You can write the same PostgreSQL SUM(CASE WHEN) expression—or use the elegant FILTER (WHERE …) syntax, which often reads cleaner and avoids ELSE 0.

SELECT
  campaign_id,
  SUM(revenue) FILTER (WHERE channel = 'paid')    AS rev_paid,
  SUM(revenue) FILTER (WHERE channel = 'organic') AS rev_org
FROM sessions
GROUP BY campaign_id;

SQL Server

Standard SQL server SUM(CASE WHEN) works everywhere. For simple binary conditions, IIF() is a concise alternative; for wide cross-tabs, the PIVOT operator can replace multiple CASEs (with the trade-off that columns must be enumerated).

-- CASE WHEN
SELECT
  campaign_id,
  SUM(CASE WHEN channel = 'paid' THEN revenue ELSE 0 END) AS rev_paid
FROM dbo.sessions
GROUP BY campaign_id;

-- IIF() variant
SELECT
  campaign_id,
  SUM(IIF(channel = 'paid', revenue, 0)) AS rev_paid
FROM dbo.sessions
GROUP BY campaign_id;

Oracle

Modern Oracle supports CASE WHEN identically; older codebases may use DECODE() for equality-only branches. Use Oracle SUM(CASE WHEN) for complex predicates, and DECODE for simple mappings.
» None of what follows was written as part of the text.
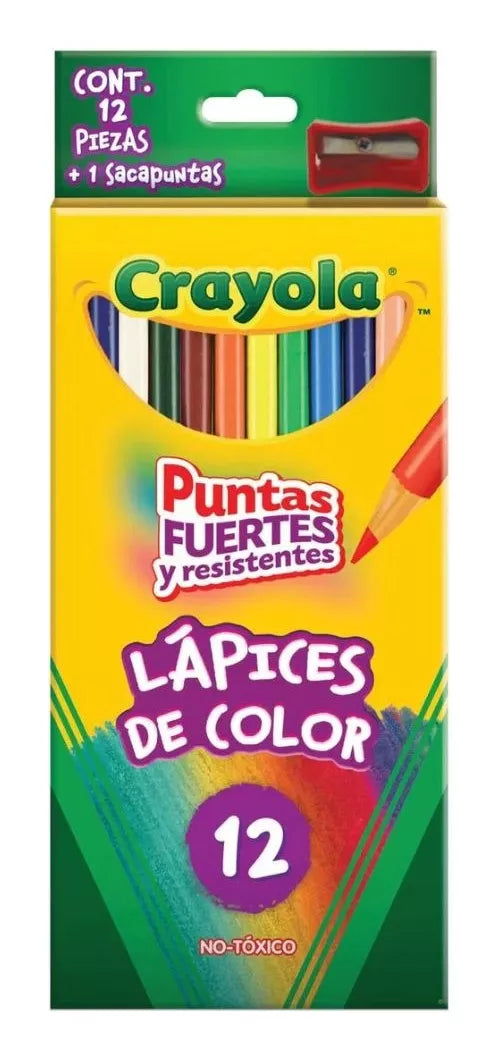 Caja 12 Lapices Colores Redondos + Sacapuntas Dibujo Crayola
-- CASE WHEN (flexible conditions)
SELECT
  campaign_id,
  SUM(CASE WHEN channel = 'paid' THEN revenue ELSE 0 END) AS rev_paid
FROM sessions
GROUP BY campaign_id;

-- DECODE (equality-only)
SELECT
  campaign_id,
  SUM(DECODE(channel, 'paid', revenue, 0)) AS rev_paid
FROM sessions
GROUP BY campaign_id;

SQL SUM (CASE WHEN) Performance Considerations & Best Practices

Conditional aggregation can be both accurate and fast if you design it intentionally. Before adding SUM(CASE WHEN …) to every query, align on the business grain, guard against silent NULL pitfalls, and give the optimizer what it needs (indexes, clean predicates). The table below captures practical habits that keep conditional sums predictable, maintainable, and performant across SQL dialects.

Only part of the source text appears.